On ne s’étonne plus soi-même et l’on ne cherche même plus à s’étonner. On est content de ce qu’on fait, on se repose sur ses lauriers. Etre curieux et étonnant me semble indispensable pour l’avenir d’une entreprise. Le patron de portail qui avait renvoyé les inventeurs de Google en prétendant que ses utilisateurs n’en avaient rien à battre des moteurs de recherche avait perdu sa faculté d’étonnement. Pour lui, fournir 80% de ce que ses concurrents fournissaient était plus qu’assez. Le patron de Sun Microsystems qui a offert aux deux-mêmes personnes un chèque de 100.000 USD pour créer Google Inc était plus fûté. Il s’est laissé étonner.

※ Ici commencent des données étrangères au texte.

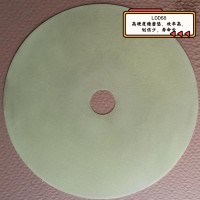 廠家供應金屬磨拋墊  服務好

Sans cet étonnement comment espérez-vous innover?
C’est ce qui est arrivé à Gap. Pourtant s’il y a bien un business où l’innovation importe, c’est bien la mode et le prêt-à-porter.
Depuis cinq ans, les ventes de Gap ne cessent de chuter. Gap, la marque qui a promu le "casual wear". Gap voulait habiller le monde en uniforme. Même jean’s, même T-shirt et même veste pour tout le monde de 7 à 77 ans. Comme le disait leur slogan: "Gap for every generation". Et ça a marché. La marque a profondément marqué les années 90. Les stars s’affichaient en Gap.

Dopé par la bourse, Gap a ouvert de plus en plus de magasins. La chaîne en compte plus de 3000 à travers le monde aujourd’hui. La recette fonctionnait bien. "If it works don’t fix it," a-t-on l’habitude de dire. Je crois que c’est devenu une mauvaise habitude.

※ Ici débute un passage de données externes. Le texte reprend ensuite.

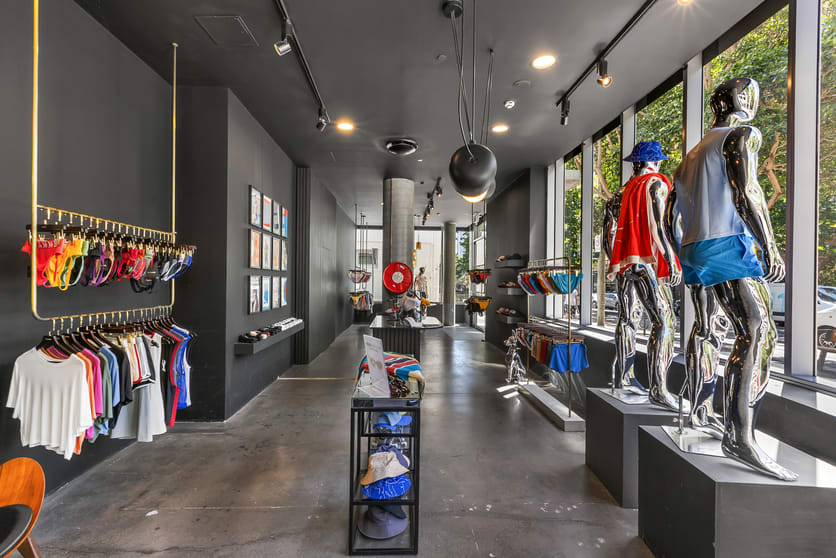 Shop 10/417-421 Bourke Street Surry Hills NSW 2010 - Image 2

En 2000 les ventes chutent et les clients commencent à bouder la marque. Le vendeur d’uniforme un jour sexy est devenu monotone. Le patron décide de rajeunir l’image de marque. Pas de chance. Les baby-boomers ne s’y retrouvent plus. Or, ils ont grandi avec la marque. Aux Etats-Unis en tout cas. Quant aux jeunes comme le rappelle Dorane Vignando, ils préfèrent Diesel, H&M, Zara. En 2002, le patron démissionne.
Son successeur vient de chez Disney. Et son premier acte, c’est de renouer avec ce qui a fait le succès de Gap: le casual wear qui séduit les stars. Jessica Parker, l’héroïne de "sex and the city" devient l’égérie de la marque et de sa pub. Et il engage de jeunes designers talentueux qui vont ré-étonner le public. Le groupe est encore fragile, mais il quitte le rouge et entend bien revenir sous les projecteurs de la "mode".

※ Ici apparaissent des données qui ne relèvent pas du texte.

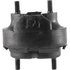 672932 by PIONEER - Automatic Transmission Mount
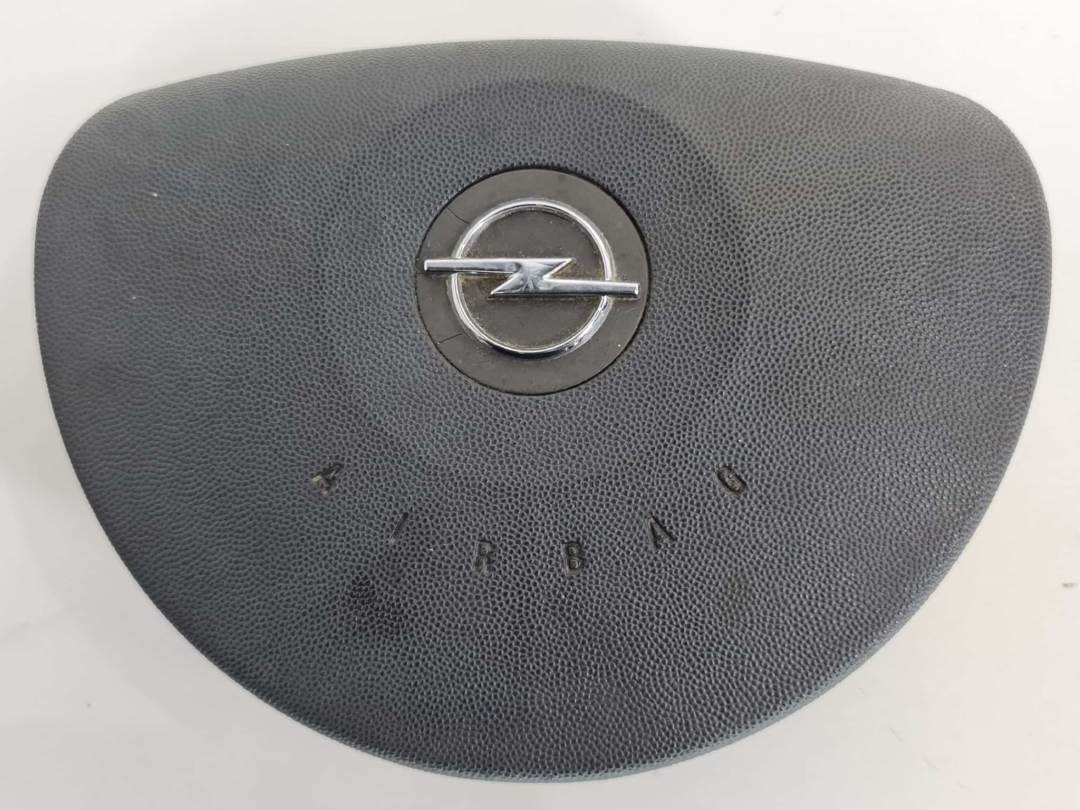 Airbag avant gauche - 93319474 - OPEL - MERIVA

A titre anecdotique, je crois que Procter&Gamble a également contribué au succès du "Casual Wear" aux USA. La boîte de Cincinnati est certes très créative dans ses créations et inventions de nouveaux produits. Mais, pour le reste, elle est assez rigide. Chez P&G, à l’heure ou le "Friday Casual" devenait de plus en plus coutumier, la boîte de Cincinnati résistait. Le Friday casual est l’institutionnalisation du port de vêtements décontractés le vendredi au bureau. L’initiative de cette promotion reviendrait à la boîte de relations publiques qui travaillait pour Levi’s et plus particulièrement pour leur ligne de vêtements "Docker’s". Un véritable succès. Sauf à Cincinnati. Tous les matins et tous les soirs, ce sont des masses de cols blancs amidonnés et cravatés qui entraient et sortaient des bâtiments de P&G aux quatre coins du monde.

Jusqu’au jour, raconte l’histoire, où un jeune cadre a rédigé une note à l’attention de la direction en calculant ce que P&G vendrait comme quantité de poudres supplémentaires si elle adoptait le "Friday Casual". Ces vêtements de coton, ces Kahkis de Gap, Docker’s et autres Jeans, ne vont pas au nettoyage à sec comme les costumes. Le chiffre a impressionné le patron. Etonné. Il le trouvait néanmoins trop petit. Il décréta par conséquent que ce serait "Friday casual , every day" chez Procter.

L’histoire est-elle vraie? Je ne le sais pas. Ce que je sais, c’est que le casual wear est autorisé tous les jours. Et, malgré les apparences, je crois que si P&G arrive à innover autant c’est parce que cette boîte cultive l’étonnement.
L’étonnement pour Platon ou Aristote est une passion fondamentale pour accéder au savoir. C’est l’étonnement qui conduit à renoncer aux idées et opinions préfabriquées, aux réponses toutes faites, aux stéréotypes.
Et cette passion ne s’oppose pas à la raison. Au contraire. Elle existe chez P&G, aussi rationnelle que l’entreprise puisse paraître. Mon anecdote le prouve. Et si elle n’est pas vraie, tous ceux qui on travaillé pour P&G vous diront qu’elle est vraisemblable. C’est ce qui compte.